Il y aura donc peut-être un jour, grâce au satellite de diffusion directe, une chaîne de télévision de ce type – encore qu'on imagine à quel point de puissants intérêts tenteront d'imposer en priorité leurs projets concurrents. Dans l'immédiat et plus modestement, une société publique d'édition de programmes de télévision, créée en novembre 1985, tente d'engranger des productions de qualité pour cette éventuelle chaîne de demain.

Tout cela fait évidemment beaucoup : à partir du satellite, du câble et de nouvelles télévisions hertziennes, nous parviendront énormément d'images. Sera-t-il possible de les financer ? L'une des hypothèses du moment veut que le marché publicitaire puisse éponger de nombreuses nouvelles productions. Du fait de la restriction de la publicité sur les chaînes publiques, un volant important de dépenses publicitaires n'a pas pu se faire à la télévision française en 1985 – certains estiment ce « manque à gagner » à un milliard de francs, d'autres à trois milliards, c'est dire la précision de ces données ! La multiplication des canaux permettrait à cet argent de s'employer. Il est peu probable, en revanche, que cet investissement publicitaire nouveau permette, en France, de financer plus d'une chaîne, peut-être deux au maximum. Dans ces conditions, il faudra soit revoir en baisse les perspectives de multiplication de chaînes – les stations locales seront probablement peu nombreuses et devront recourir à des opérations de « réseau » entre elles pour pouvoir acheter des programmes –, soit programmer de plus en plus d'émissions à bon marché – séries avec de nombreux épisodes se passant dans les mêmes décors, « plateaux » où beaucoup d'invités bavardent, variétés en play-back, films mineurs déjà amortis dans le circuit des salles de cinéma.

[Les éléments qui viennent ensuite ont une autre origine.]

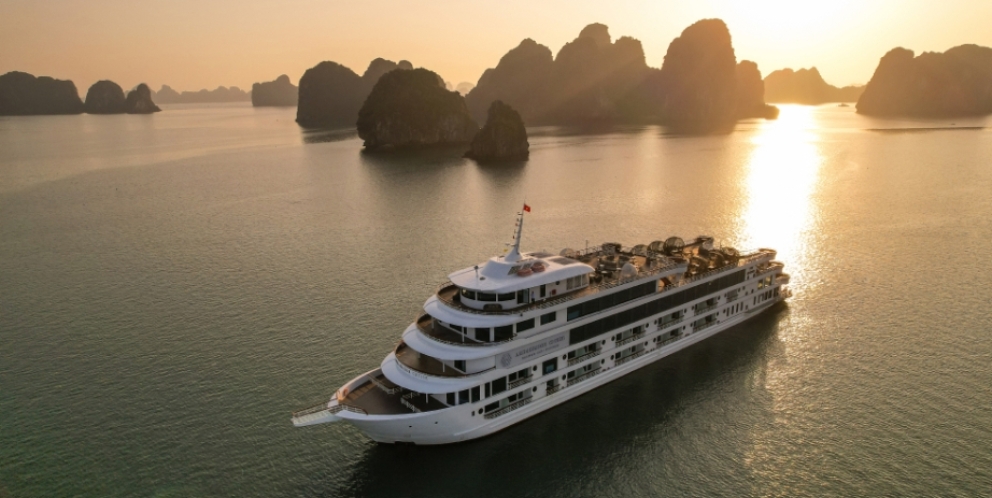 Croisière d'une journée Ambassador dans la baie d'Halong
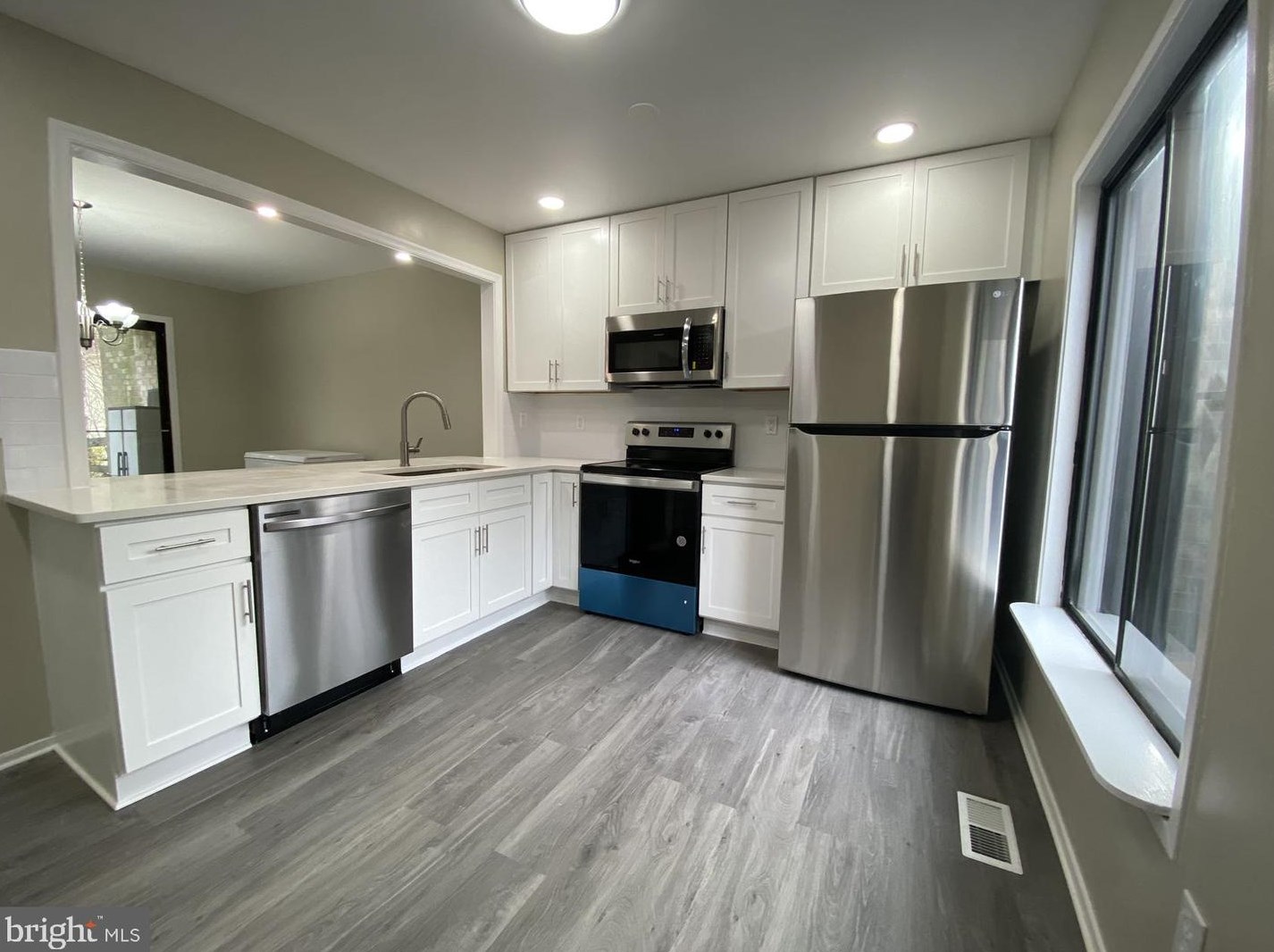 20127 Hob Hill Way, Gaithersburg MD  20886-1304 exterior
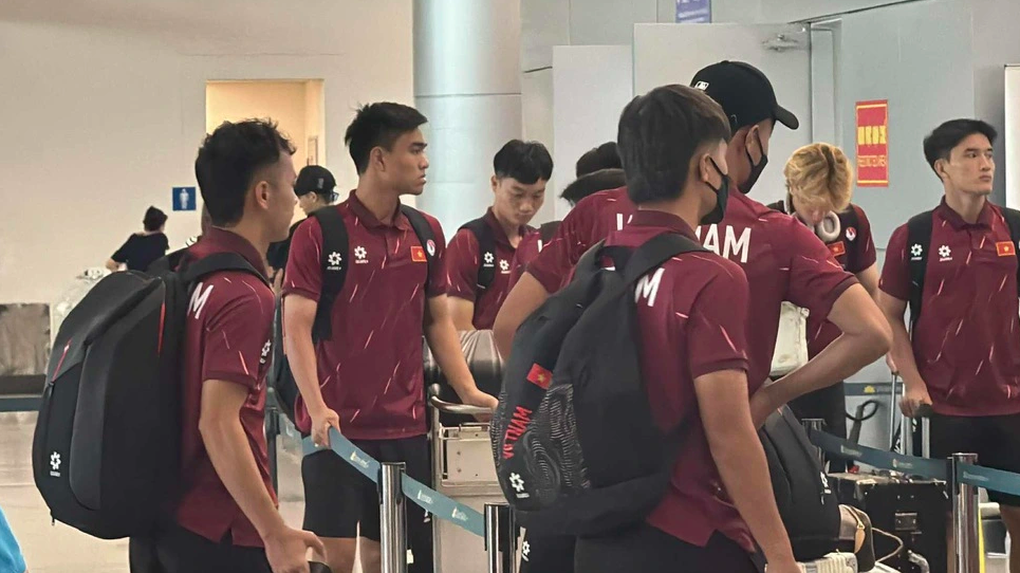 U23 Việt Nam lên đường dự giải Đông Nam Á, quyết tâm vô địch - 1 U23 Việt Nam lên đường dự giải Đông Nam Á, quyết tâm vô địch - 1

C'est là, sans doute, l'avenir de la télévision à l'aube du « troisième millénaire » : un irremplaçable outil de communication, d'information et de culture, mais aussi le champ clos de groupes multi-médias aux stratégies purement commerciales ; de grandes et belles émissions offertes parfois à l'admiration des foules, un grand choix dans les images offertes aux grands et aux petits, mais surtout le train-train d'une énorme multitude d'émissions standardisées destinées à la grande consommation.